Domestic Virtual Instrument: DSP+FPGA+ADS1282-Based 32-bit High-Precision Data Acquisition Solution (Part 1)

Introduction

Designing a high-precision inertial navigation data acquisition platform requires balancing three competing demands: the raw throughput needed to digitize analog sensor signals at publication-grade resolution, the real-time compute horsepower to run navigation algorithms, and the rich I/O fabric to talk to GPS receivers, gyroscopes, barometers, and odometers simultaneously. This post walks through the system requirements, architecture decisions, and key component selections for a DSP+FPGA+ADS1282-based 32-bit acquisition platform aimed at inertial navigation applications — covering everything from power-supply rails through ADC figure-of-merit choices.
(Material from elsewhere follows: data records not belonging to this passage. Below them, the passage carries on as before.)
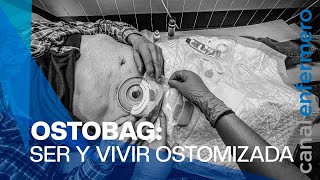 quotOstobag ser y vivir ostomizadaquot la realidad de los pacientes ostomizados [upl. by Naro]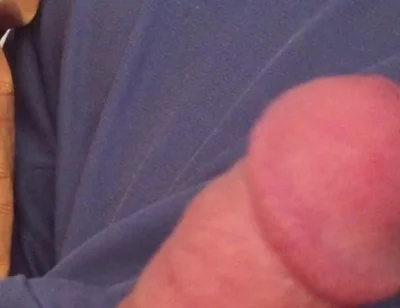 Surprise Dick
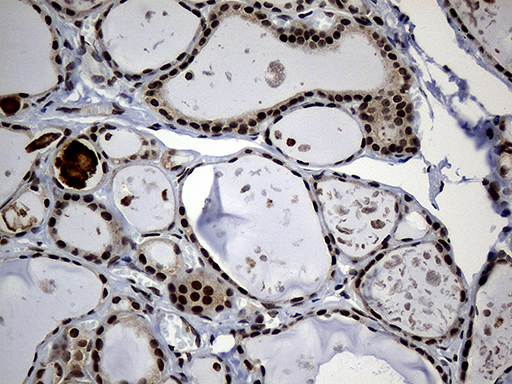 Immunohistochemical staining of paraffin-embedded Human thyroid tissue within the normal limits using anti-PSMA7 mouse monoclonal antibody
System Requirements Analysis

Functional Design Requirements

The hardware processing platform is responsible for three categories of work:

Data acquisition — collecting analog output signals from inertial measurement units (IMUs), digitising three axes of accelerometer current, and receiving external correction data such as GPS position and 1PPS timing.
Data processing and computation — running IMU error compensation, initial alignment, navigation parameter solution (position/velocity/attitude), and online Kalman-filter correction.
Navigation data output — packaging solved navigation parameters and broadcasting them over CAN, RS232, and RS422 to a master controller.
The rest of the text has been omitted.